What you have to do:
Only the stretch of the listing below that runs from the line with "14K Yellow Gold Number 51 Pendant" through the line with "6,0кг,прозрачный - #1" is to be printed, exactly and with both ends.
___ Provided data
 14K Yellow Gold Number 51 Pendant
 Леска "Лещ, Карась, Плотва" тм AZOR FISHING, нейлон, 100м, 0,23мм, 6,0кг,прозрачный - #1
______
___ Provided data
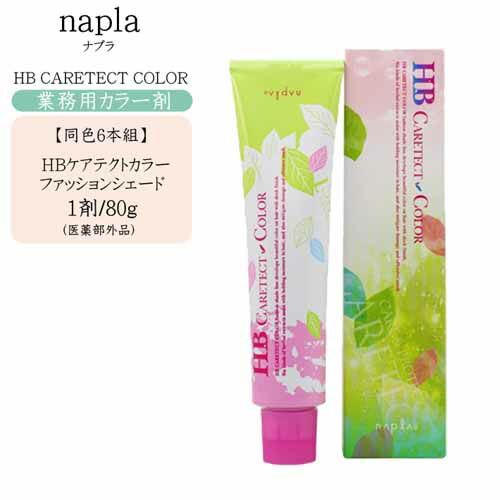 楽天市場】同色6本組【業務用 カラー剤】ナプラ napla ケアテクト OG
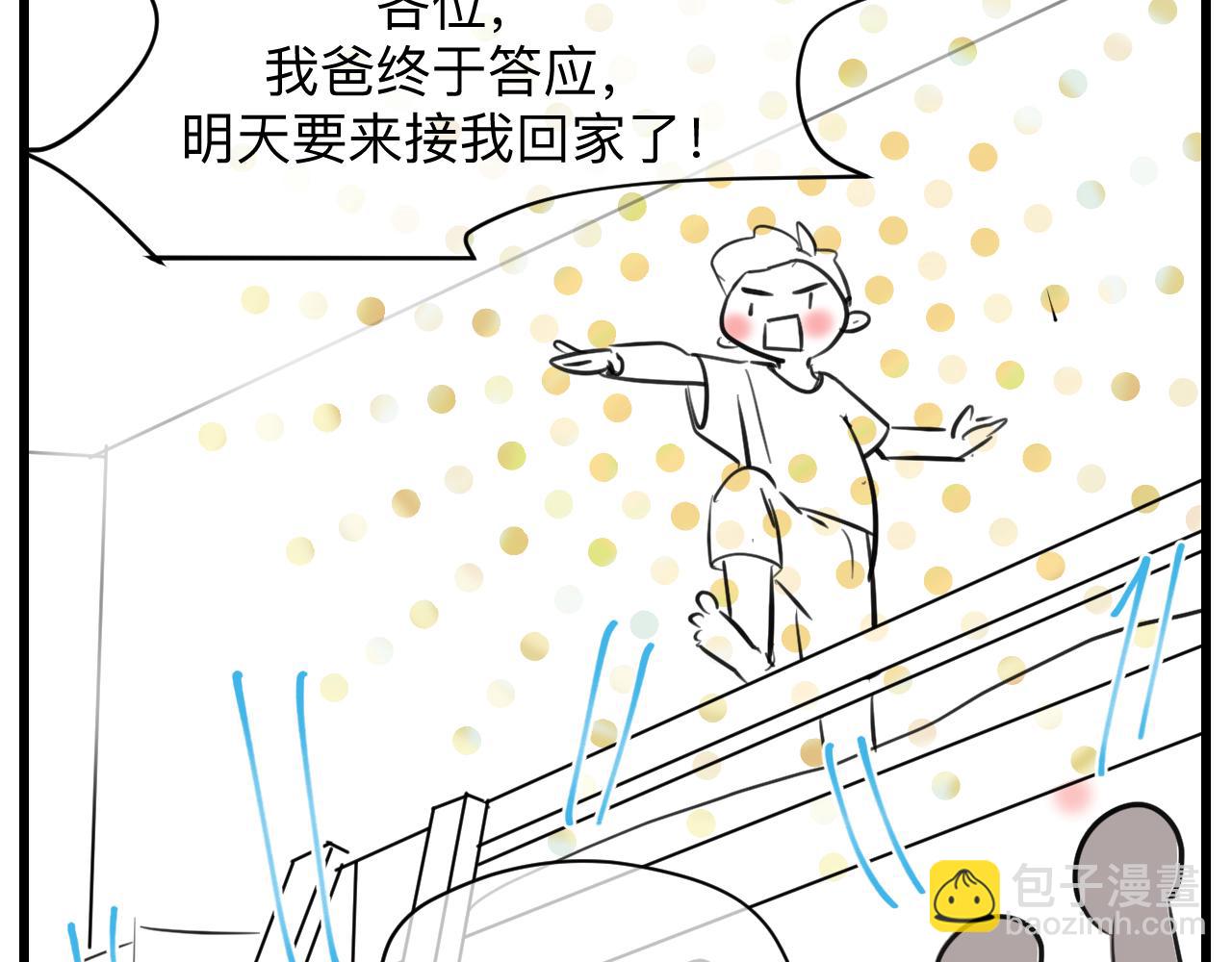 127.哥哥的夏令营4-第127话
______
___ Provided data
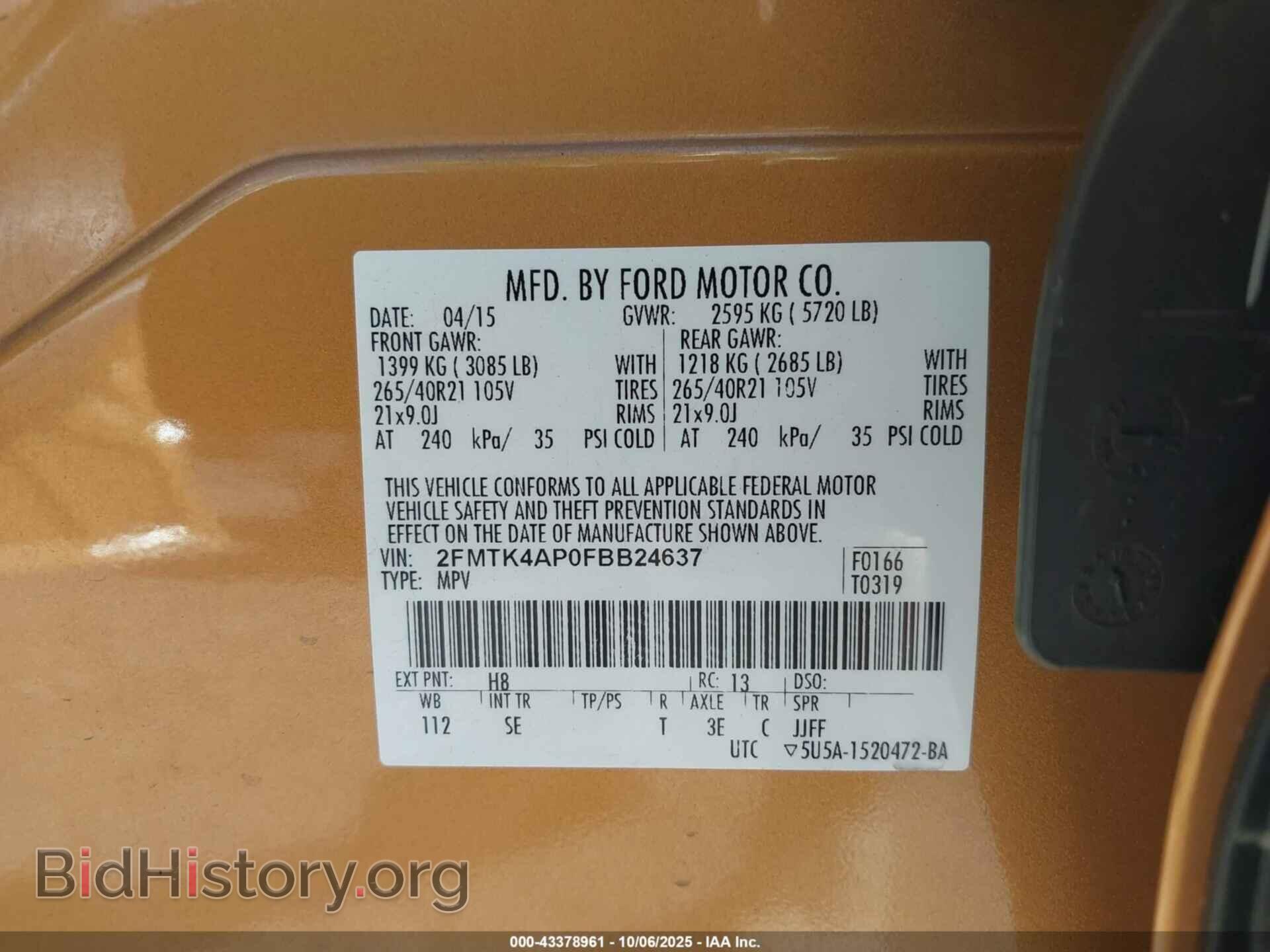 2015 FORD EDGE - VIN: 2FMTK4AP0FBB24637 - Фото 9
______
Task answer:
 14K Yellow Gold Number 51 Pendant
 Леска "Лещ, Карась, Плотва" тм AZOR FISHING, нейлон, 100м, 0,23мм, 6,0кг,прозрачный - #1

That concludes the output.